- [Problem description] Output the data below exactly, without images.

- [Dataset extract]
>>>>>

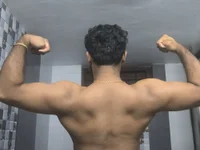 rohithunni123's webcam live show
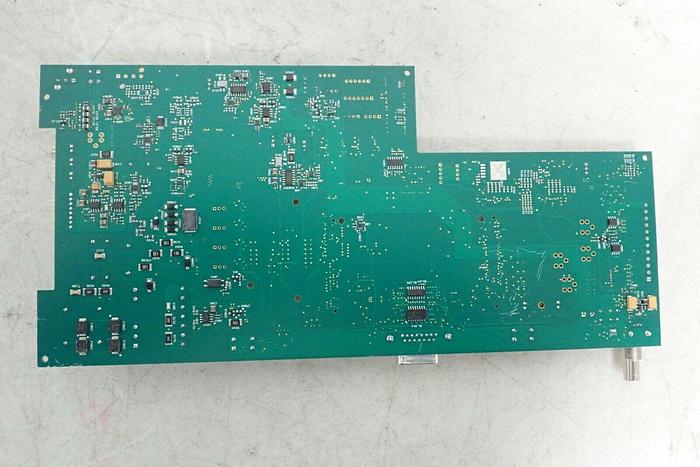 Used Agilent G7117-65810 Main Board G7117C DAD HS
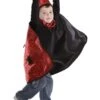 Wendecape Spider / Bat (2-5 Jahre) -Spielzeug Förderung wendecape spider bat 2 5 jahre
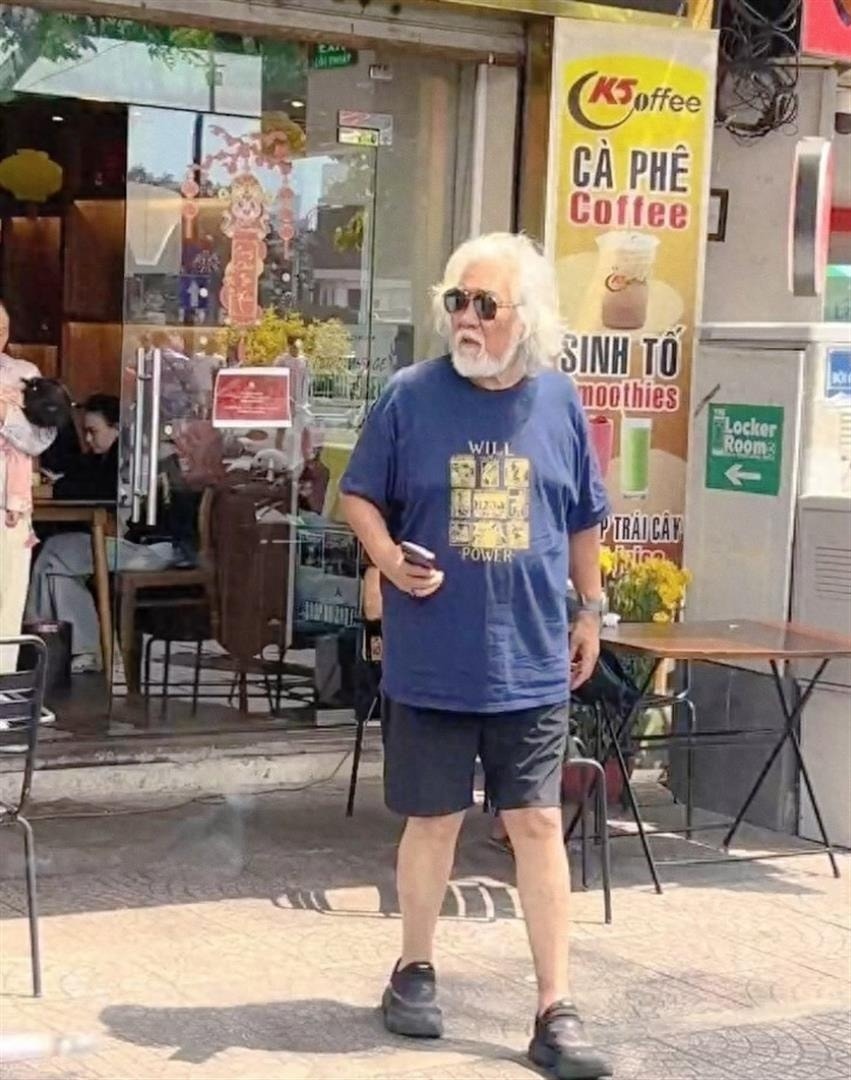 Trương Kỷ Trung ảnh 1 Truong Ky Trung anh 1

<<<<<

- [Reply to the exercise]
 rohithunni123's webcam live show
 Used Agilent G7117-65810 Main Board G7117C DAD HS
 Wendecape Spider / Bat (2-5 Jahre) -Spielzeug Förderung wendecape spider bat 2 5 jahre
 Trương Kỷ Trung ảnh 1 Truong Ky Trung anh 1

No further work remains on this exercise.